# ABOUT THIS TASK:
In the records below, find the line with "Thanks for joining", then retype it and every following line exactly, stopping after the line with "So that if one". Leave the pictures out.

# INFORMATION SHOWN:
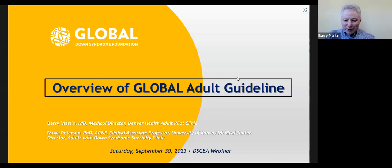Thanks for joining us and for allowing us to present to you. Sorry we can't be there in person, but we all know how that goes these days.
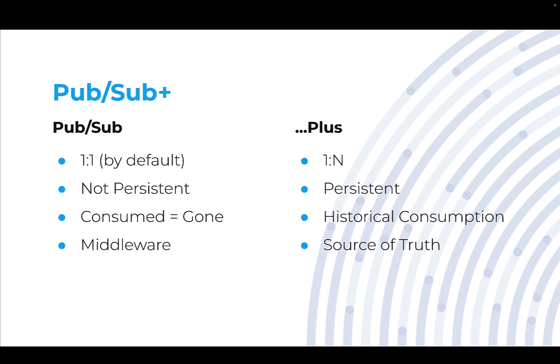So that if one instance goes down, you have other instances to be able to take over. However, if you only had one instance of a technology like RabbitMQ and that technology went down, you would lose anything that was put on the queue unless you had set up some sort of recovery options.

==

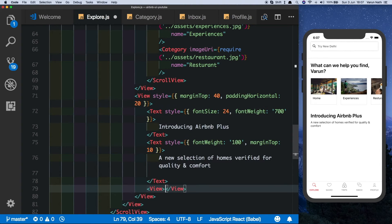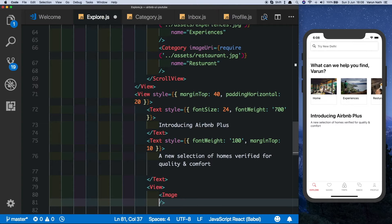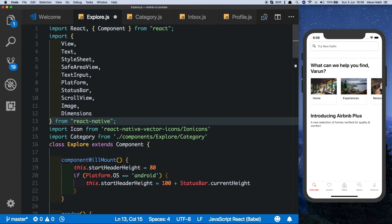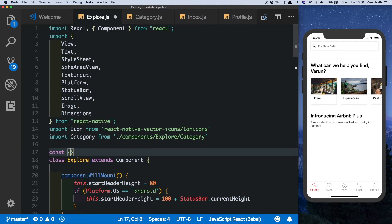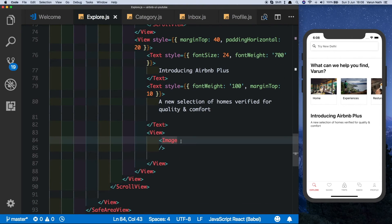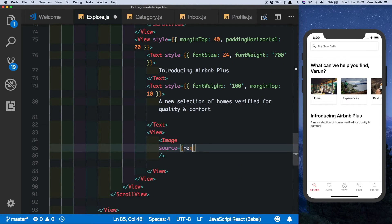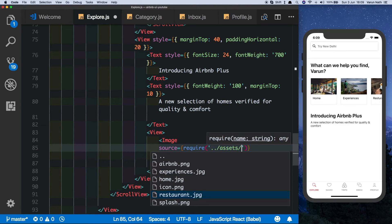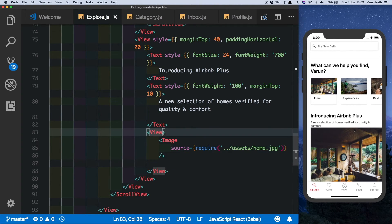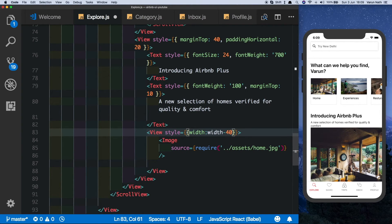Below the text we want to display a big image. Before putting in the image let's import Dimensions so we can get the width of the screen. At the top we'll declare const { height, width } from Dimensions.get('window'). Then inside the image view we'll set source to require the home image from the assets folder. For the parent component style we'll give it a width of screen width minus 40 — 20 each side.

# FINISHED TASK:
Thanks for joining us and for allowing us to present to you. Sorry we can't be there in person, but we all know how that goes these days.
So that if one instance goes down, you have other instances to be able to take over. However, if you only had one instance of a technology like RabbitMQ and that technology went down, you would lose anything that was put on the queue unless you had set up some sort of recovery options.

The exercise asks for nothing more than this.